*EXERCISE BRIEF*
Please reproduce the listing in its entirety, exactly as written, but without images.

*DATA TO EXAMINE*
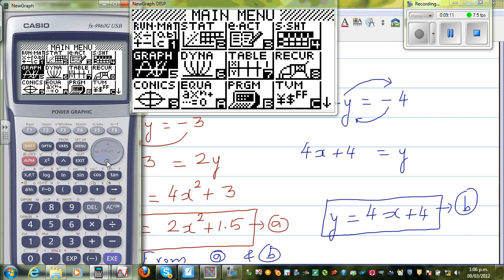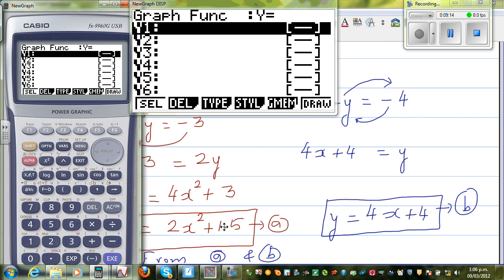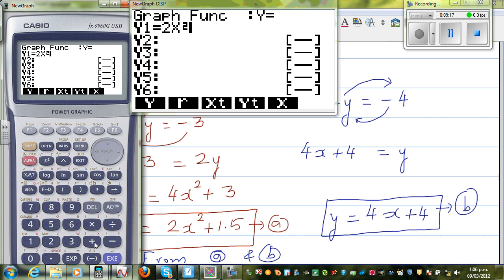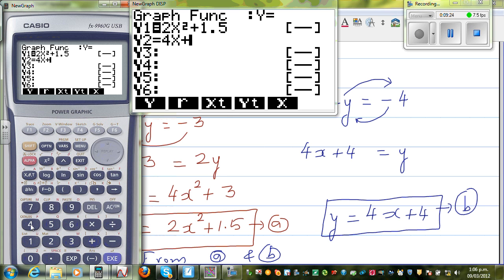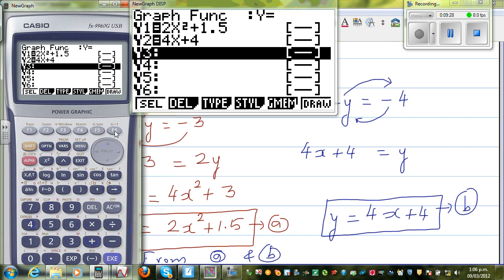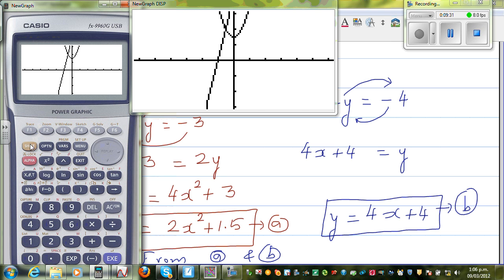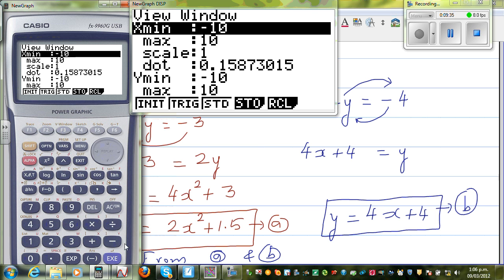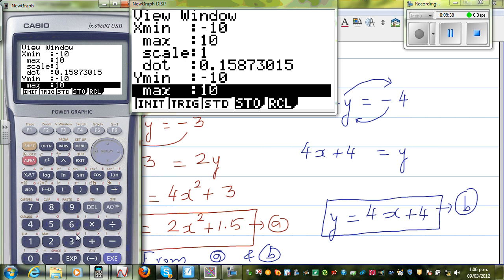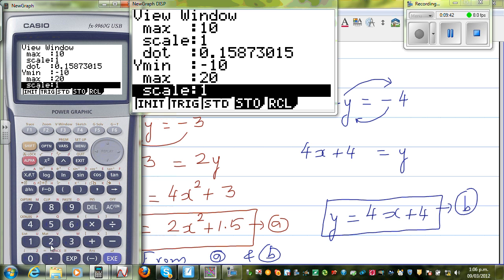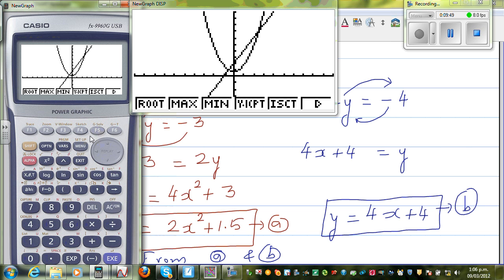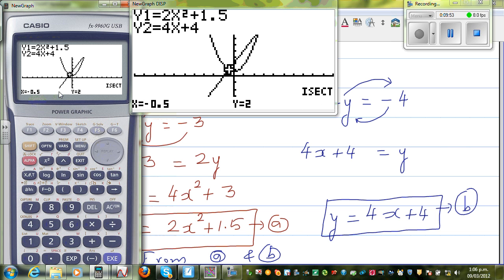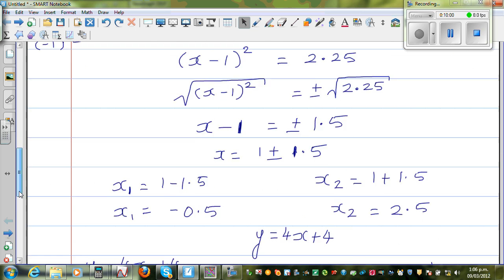If you have a graphic calculator, go to graph. The first equation was 2x squared plus 1.5, so type that in. The second equation was 4x plus 4. Before graphing, you need to change the scale — I'll make x from negative 10 to 10, and y maximum up to 20, scale of 2. Draw the graph. Can you see these are the two points of intersection? Using g-solve and intersect: one point is negative 0.5, 2 and the next point is 2.5, 14.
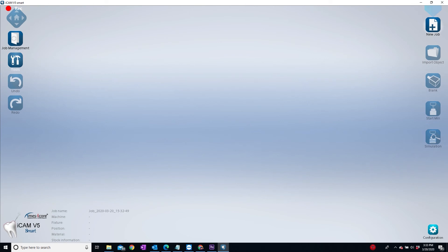Some of the buttons are contextual, meaning if you don't have an object on screen, then they will be of no use to you. The move button in the upper left-hand corner is grayed out because there isn't an object on screen, the same as the undo and redo buttons.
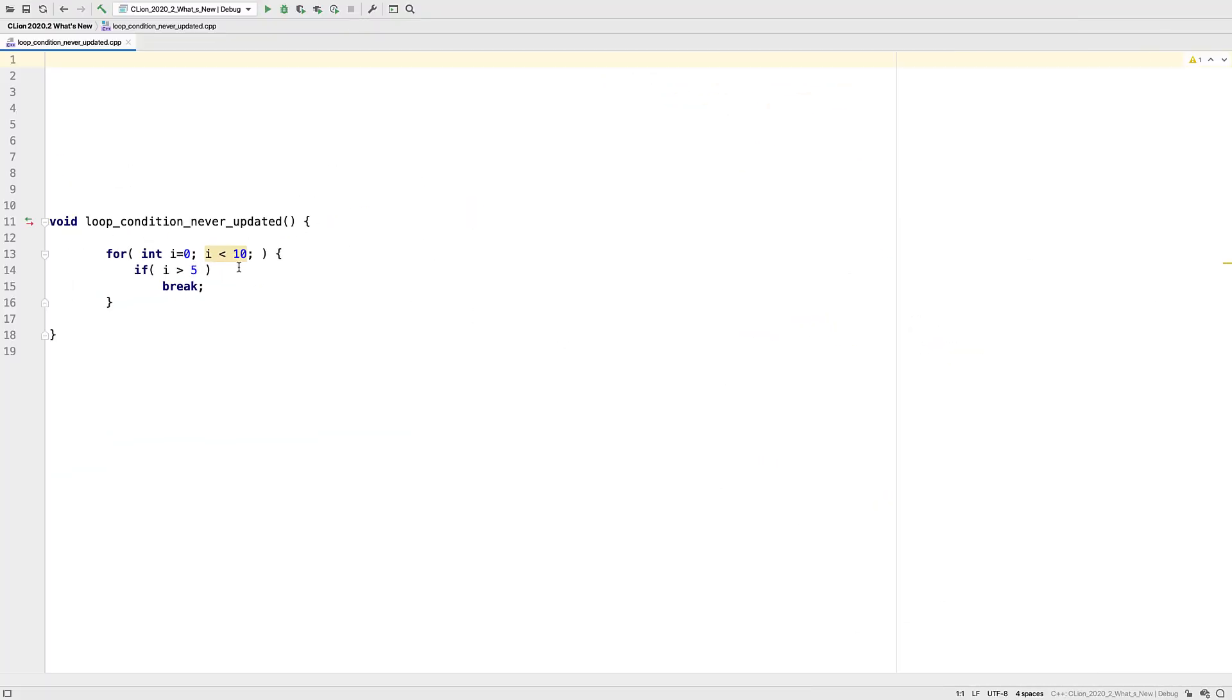Some inspections involving loops, like this one, have also been moved to the Clang-D based DFA world, and now work more reliably.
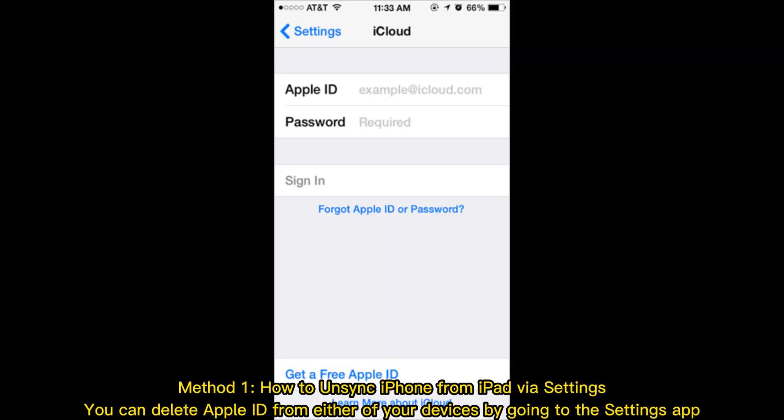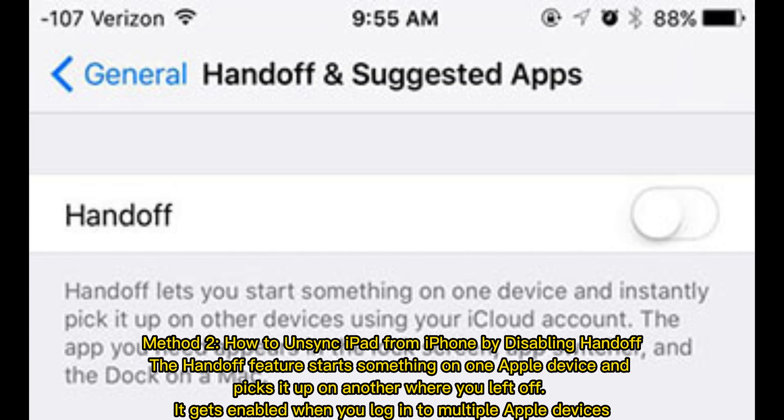Method 1: How to unsync iPhone from iPad via Settings. You can delete Apple ID from either of your devices by going to the Settings app.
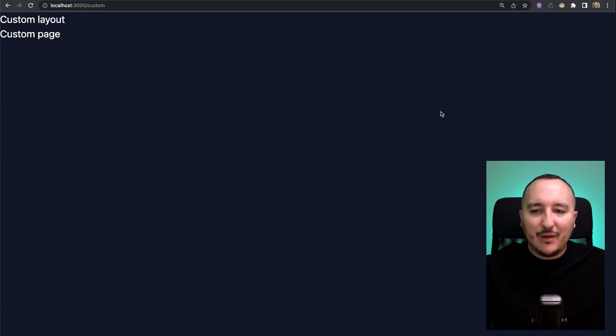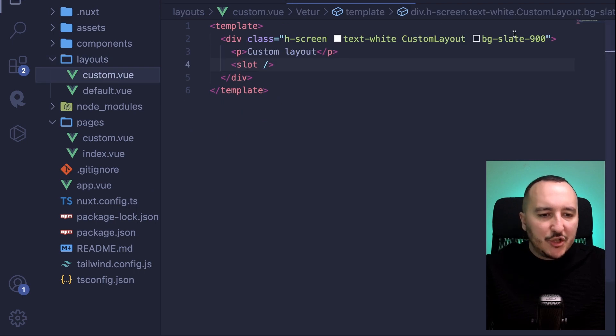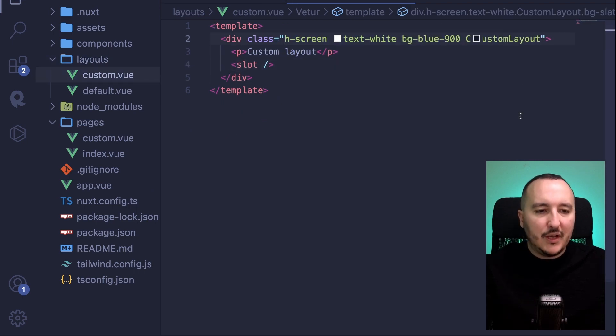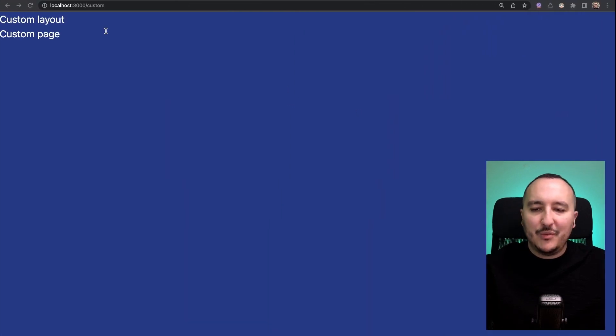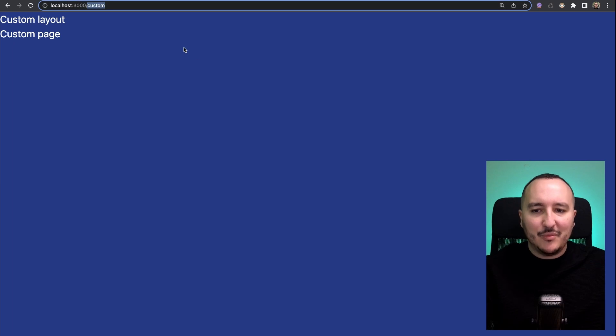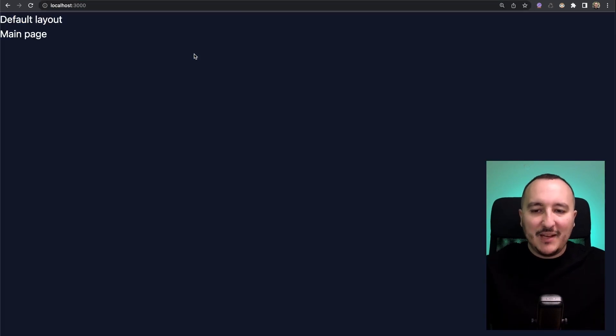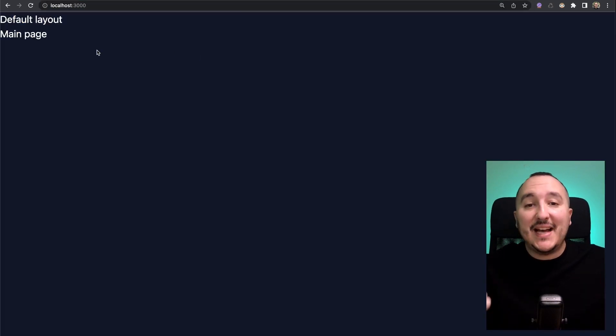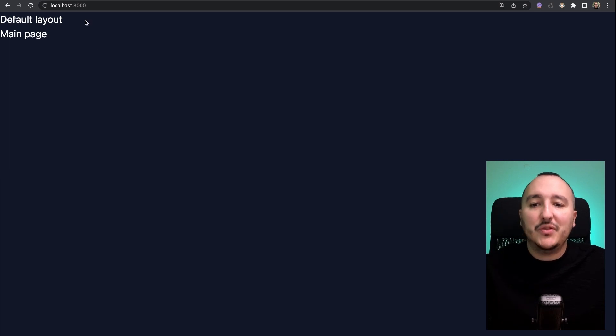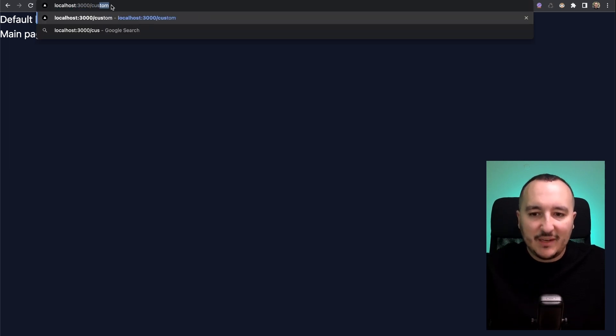Back in the layout I'm going to change the color. Let's say that we're gonna have a background blue. There we go, I got a background blue. Now I'm going to get back on the main page and we see now that I switch from a layout to another one. If I get back to custom, there we go, we've got another layout.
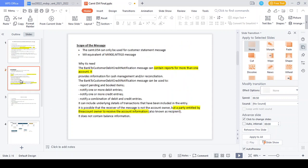The scope of the message: the CAMT.054 message is triggered only for notification. Its equivalent MT messages are MT 900 and MT 910 — MT 900 is confirmation of debit and MT 910 is confirmation of credit. In MX, only one message, CAMT.054, is used for both. It is needed so that the debtor and creditor can understand what action — debit or credit — was triggered in their account. The CAMT.054 message is also used for cash management and reconciliation purposes.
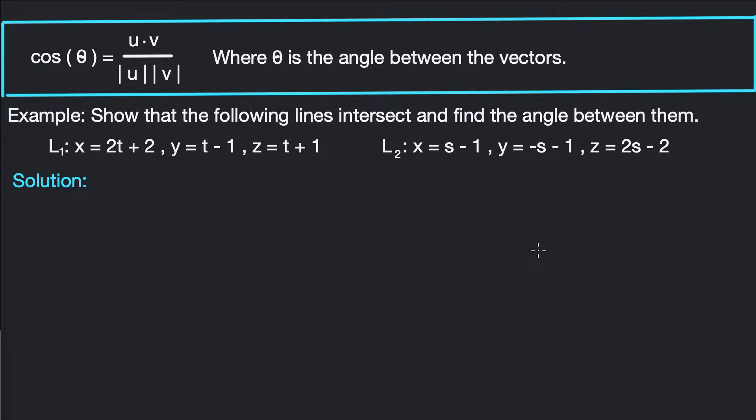Hey guys, what's up? We're looking at finding the intersection of two lines and then finding the angle between those two intersecting lines.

*REPLY TO THE TASK*
If you have a graphic calculator, go to graph. The first equation was 2x squared plus 1.5, so type that in. The second equation was 4x plus 4. Before graphing, you need to change the scale — I'll make x from negative 10 to 10, and y maximum up to 20, scale of 2. Draw the graph. Can you see these are the two points of intersection? Using g-solve and intersect: one point is negative 0.5, 2 and the next point is 2.5, 14.
Some of the buttons are contextual, meaning if you don't have an object on screen, then they will be of no use to you. The move button in the upper left-hand corner is grayed out because there isn't an object on screen, the same as the undo and redo buttons.
Some inspections involving loops, like this one, have also been moved to the Clang-D based DFA world, and now work more reliably.
Method 1: How to unsync iPhone from iPad via Settings. You can delete Apple ID from either of your devices by going to the Settings app.
Back in the layout I'm going to change the color. Let's say that we're gonna have a background blue. There we go, I got a background blue. Now I'm going to get back on the main page and we see now that I switch from a layout to another one. If I get back to custom, there we go, we've got another layout.
The scope of the message: the CAMT.054 message is triggered only for notification. Its equivalent MT messages are MT 900 and MT 910 — MT 900 is confirmation of debit and MT 910 is confirmation of credit. In MX, only one message, CAMT.054, is used for both. It is needed so that the debtor and creditor can understand what action — debit or credit — was triggered in their account. The CAMT.054 message is also used for cash management and reconciliation purposes.
Hey guys, what's up? We're looking at finding the intersection of two lines and then finding the angle between those two intersecting lines.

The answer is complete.